If you haven't heard Greg Boyd preach you are missing one of the prophets of our age. Opening statement to this weeks sermon which kicks off a sermon series he's doing called "Beautiful Mess" (I don't know if he knew Rick McKinley had a series by that name or not but who cares, they are both advancing the Kingdom in their own context) is:
"There is a new world order coming and its called the 'Kingdom of God' and it will bring a beautiful order to our normal messes and a beautiful mess to our normal order".

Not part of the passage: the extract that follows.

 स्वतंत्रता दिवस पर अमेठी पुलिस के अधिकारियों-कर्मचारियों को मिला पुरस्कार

Luke 6:17 is where he started.
Thoughts:
Wow, I was cleaning off my home computer and ran across an Internet Messenger log filled with text that had a conversation in it between my son, who is about to turn 18 and has accepted a whopping huge scholarship to University of Seattle and will be attending in the fall, and I. The file was dated from March of 2005, one month before he made the decision to write the Friend of Court a letter requesting his custody be granted to his mother so he could stay in military school.

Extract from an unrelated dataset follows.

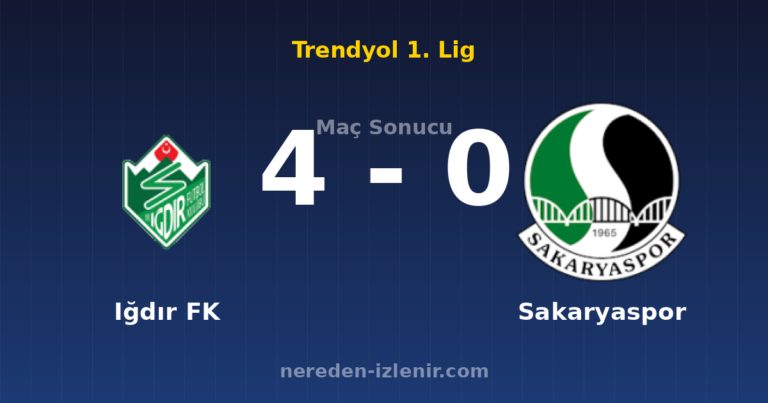 Iğdır FK 4-0 Sakaryaspor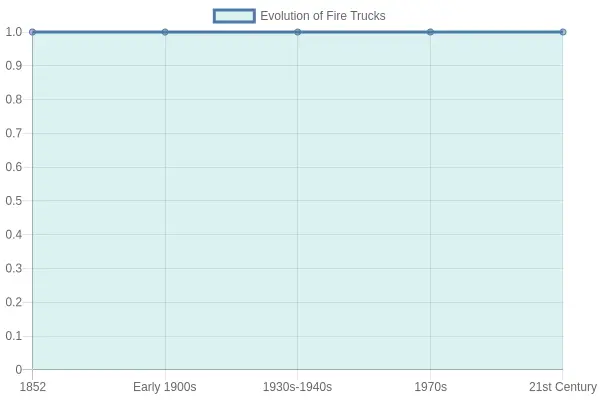 Milestones in the Evolution of Fire Trucks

The text was a long, drawn-out conversation with him giving reasons why he thought he should return home from military school. He asked me why I sent him. I could have cried right there but I finished the rest of it before I had a good sob. I didn't send him. At 15 he decided it would be awesome to take advantage of the $23000 a year the school was going to give him to coax him into their educational system. I was reluctant but couldn't see the harm so I put up the remaining $6000 it took for uniforms, board, books, travel, and he went. He was so strong in his moral convictions, loved Jesus, and basically a leader. When we were messaging back and forth I encouraged him to give it some thought because if he dropped there would be no returning. He asked me, "Dad, don't you want me to come home?". I remember when that message came over. He's my oldest son. We've always been close. We did so much together and now he's a young man and can do just about everything I can and he's gone. I cried when I got that message. Of course I WANTED HIM HOME. WHAT ELSE IN THE WHOLE WORLD COULD I HAVE POSSIBLY WANTED MORE.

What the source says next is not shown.